Se puso una mano sobre el blanco pecho, extendió los dedos enguantados de azul y comenzó a reír sin contención. De hecho, echó la cabeza hacia atrás, haciendo que la cascada de mechones dorados cayera por detrás de sus hombros y se derramase por la espalda. Acerqué mi rostro al de ella y la observé, ligeramente molesta porque osase reírse de algo tan serio.
Pero el malestar pronto cambió a asombro, pues al estar tan próxima, mis débiles ojos pudieron ver más claramente sus dientes: pequeños, de una blancura cegadora, perfectos. Y justamente como los de una mortal sin los colmillos largos y afilados.
—No eres un vampiro —me maravillé.
Se recompuso aunque aún se veía una ligera sonrisa en sus labios. Tenía un brazo alrededor de mi cintura, y con la mano libre me agarró la mía llenándome de su calor.
—Querida Zsuzsanna, soy lo que deseo ser. En cuanto a mi risa, no va dirigida a ti sino a Vlad, que evidentemente te ha infectado con su idiotez medieval.
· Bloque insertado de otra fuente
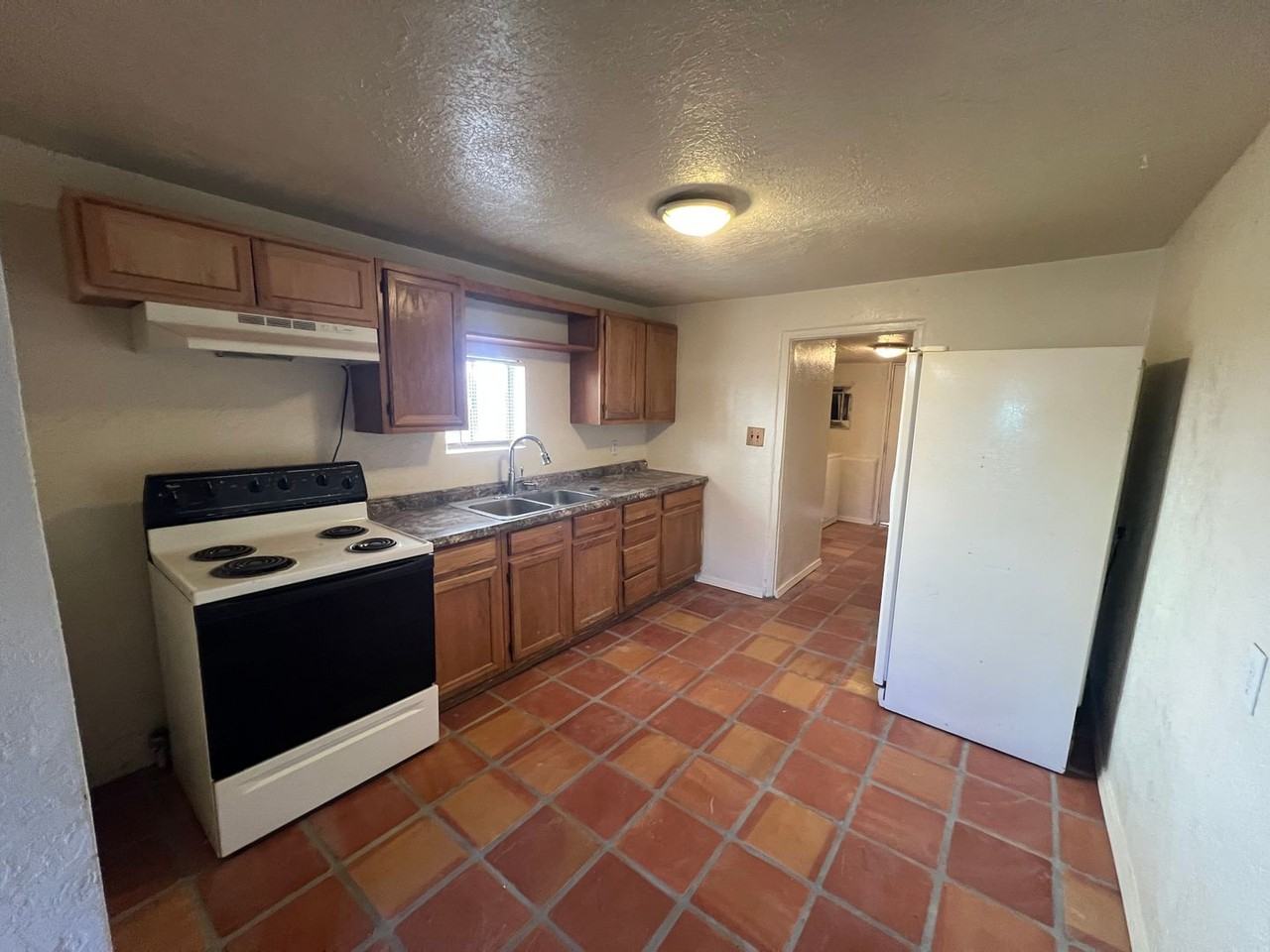 1012 21st St Nw - Photo 5 of 14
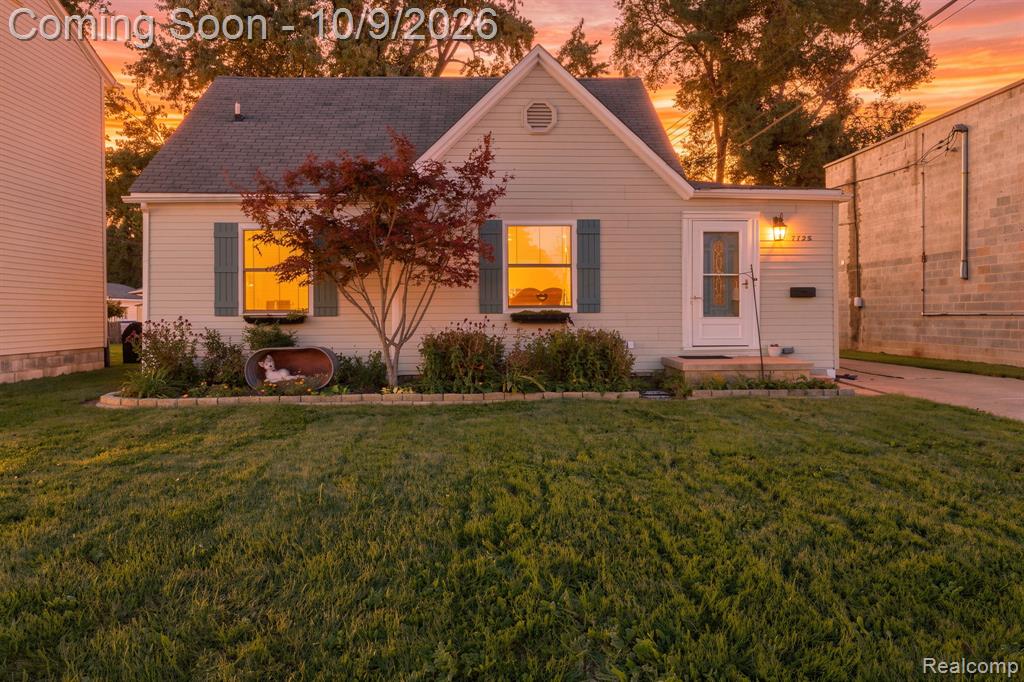 5735 Huron Street, Dearborn Heights, MI 48125
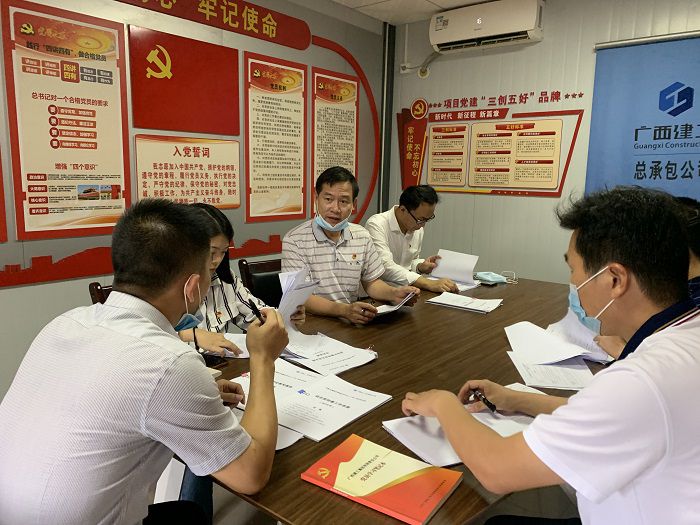 检查组检查质料。。。。。 刘萌萌 摄.jpg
Querida, no existe el diablo.
—Entonces, ¿qué hay del Señor Oscuro?
Nunca me lo había encontrado, en realidad, la idea de verlo me llena de pavor, pero había escuchado muchos de sus encuentros con Vlad.
Sus labios expresaron una ligera diversión, pero contuvo su alegría por consideración hacia mí.
—Se le llama el Señor Oscuro porque así prefiere ser llamado. Y no se trata necesariamente de un ser masculino.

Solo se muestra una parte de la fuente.